Source material:
=== Begin Enclosure ===

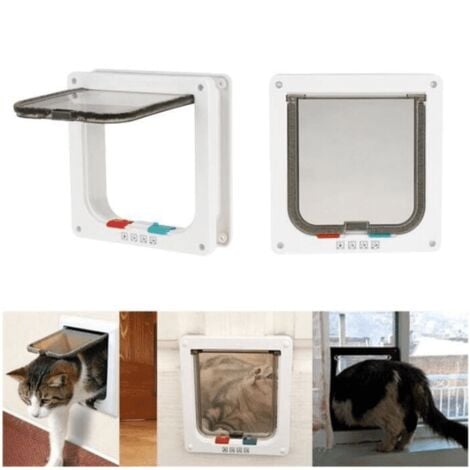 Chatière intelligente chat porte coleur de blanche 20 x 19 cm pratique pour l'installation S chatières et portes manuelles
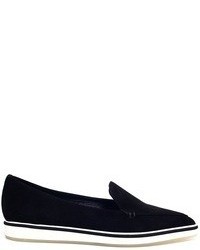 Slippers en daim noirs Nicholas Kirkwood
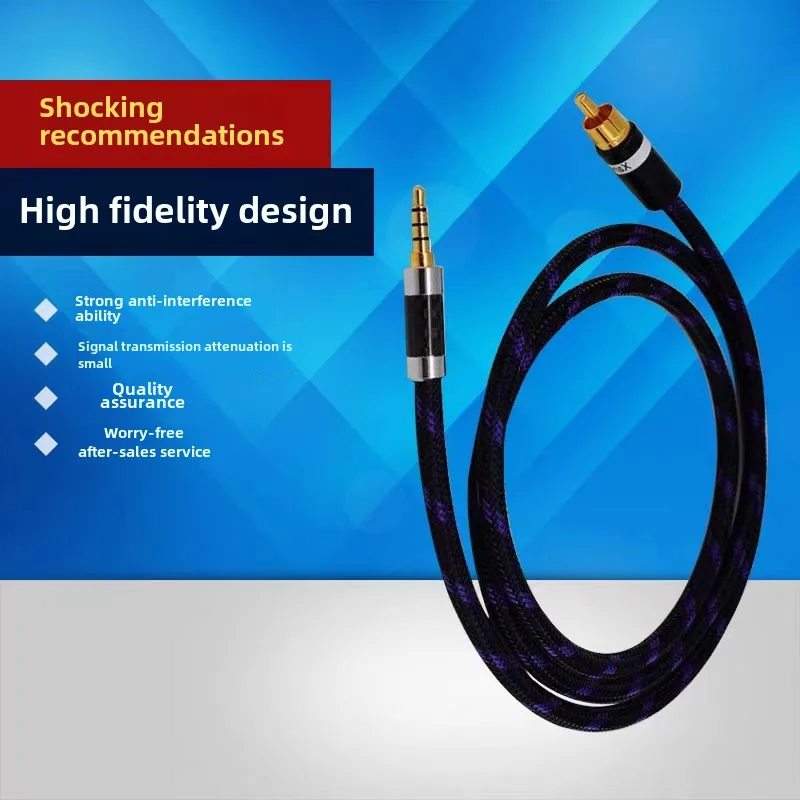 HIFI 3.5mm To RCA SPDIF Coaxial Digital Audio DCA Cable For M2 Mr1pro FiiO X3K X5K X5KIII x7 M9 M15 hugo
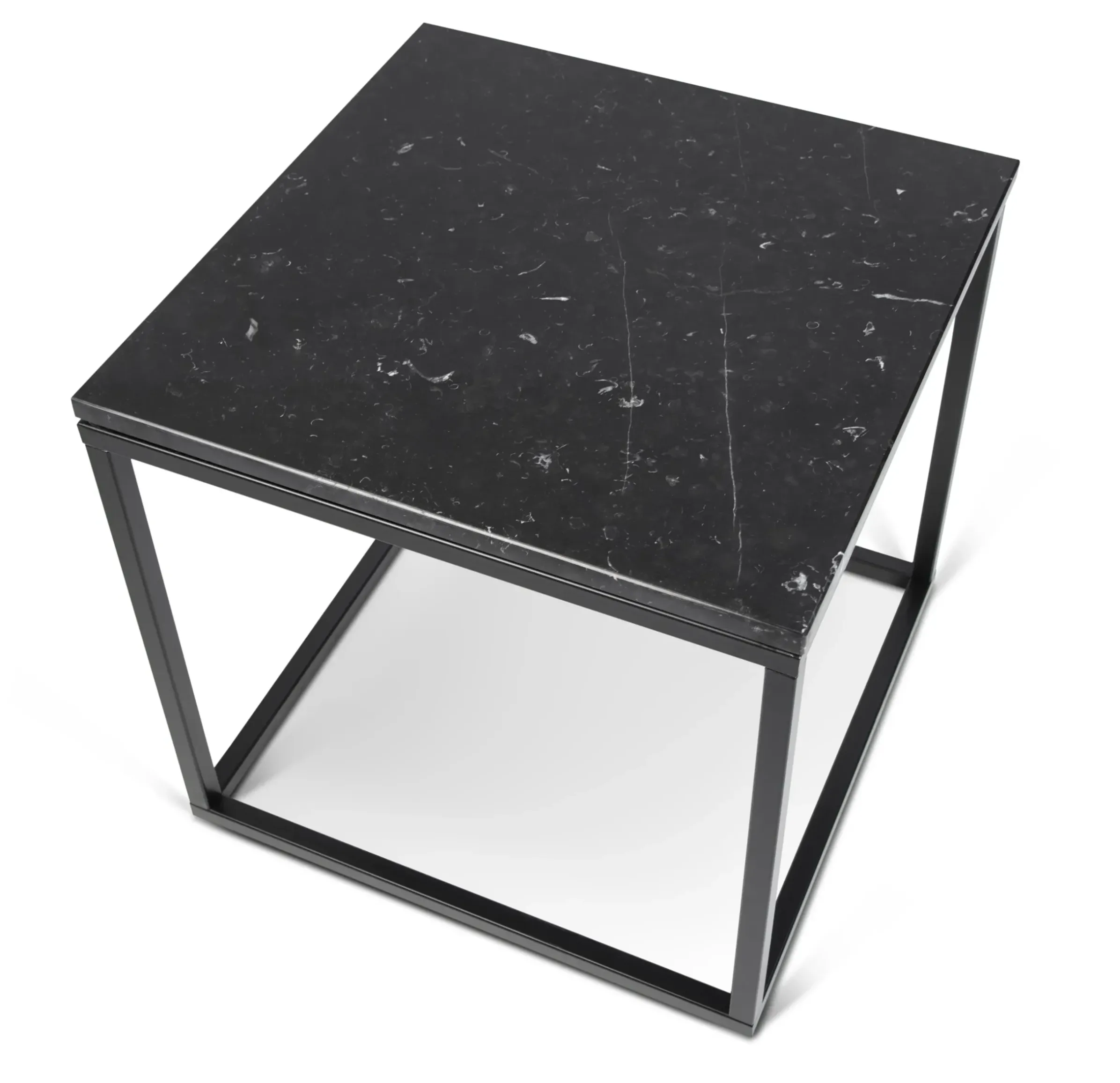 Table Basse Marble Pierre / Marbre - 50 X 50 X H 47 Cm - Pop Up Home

=== End Enclosure ===

Assignment: Please return the full listing word for word, but without any pictures.

Response for this exercise:
 Chatière intelligente chat porte coleur de blanche 20 x 19 cm pratique pour l'installation S chatières et portes manuelles
 Slippers en daim noirs Nicholas Kirkwood
 HIFI 3.5mm To RCA SPDIF Coaxial Digital Audio DCA Cable For M2 Mr1pro FiiO X3K X5K X5KIII x7 M9 M15 hugo
 Table Basse Marble Pierre / Marbre - 50 X 50 X H 47 Cm - Pop Up Home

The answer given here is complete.